I started at a nursing home 2 weeks ago; they are giving me 2 weeks of training (10 days) and after that will be on my own with 18-20 pts. I have just finished day 5 and am only doing meds/charting on 7 pts and don't know how I am going to work up to 20. I do know I am lucky to be working as an RN in California, but man it is tough; My thinking is that if I can handle this and stick it out, I can get time management and delegating skills....
Jul 22, '09Joined: Apr '07; Posts: 5; Likes: 1I didn't realize there were so many other people in the same boat! I just got my license in January and was so discouraged....months and months of applying, no call backs, so I finally started to apply to LTC facilities. I got a job for $30/hr at a LTC facility for 30-36 residents and it is so hard!
I only got 5 days orientation, and then I was let loose on my own.
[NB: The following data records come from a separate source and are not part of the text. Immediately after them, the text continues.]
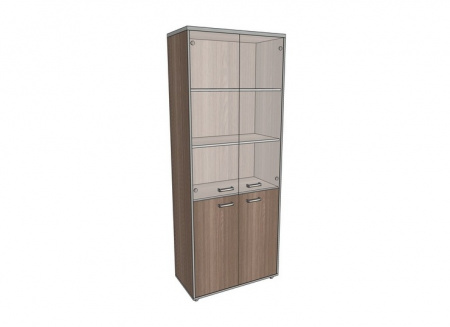 agidel style shkafi (76)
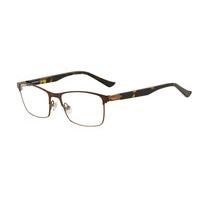 Prodesign Eyeglasses 3110 Essential 5221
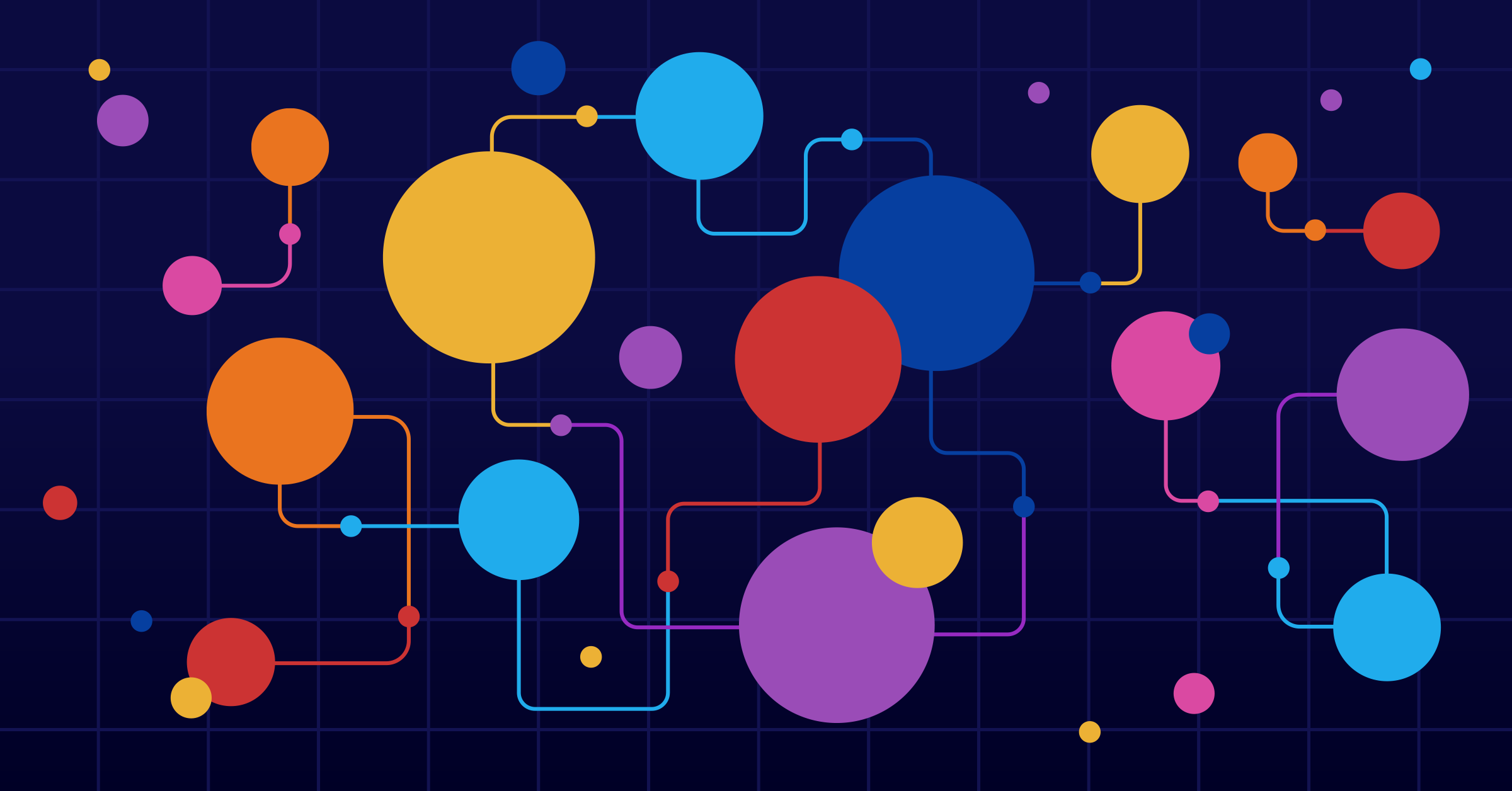 Flake schemas: making flake outputs extensible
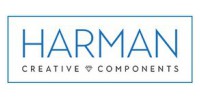 Harman Creative Components
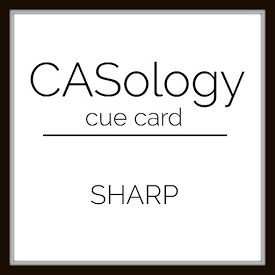 caso 275 - Sharp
I have to say, during my first couple of weeks, I wanted to die. I felt so overwhelmed, stressed out, frustrated and inadequate and UNSAFE. I didn't understand how people could take two 10 minute breaks in addition to their 30 minute lunch! It eventually got a *little* easier - I've been working for about 3 months, but I still don't take any breaks, and I still run at a breakneck pace all day. My only solace is the 30 minutes I go to my car and eat my lunch in silence. Plus I have to work every weekend, which also makes me sad.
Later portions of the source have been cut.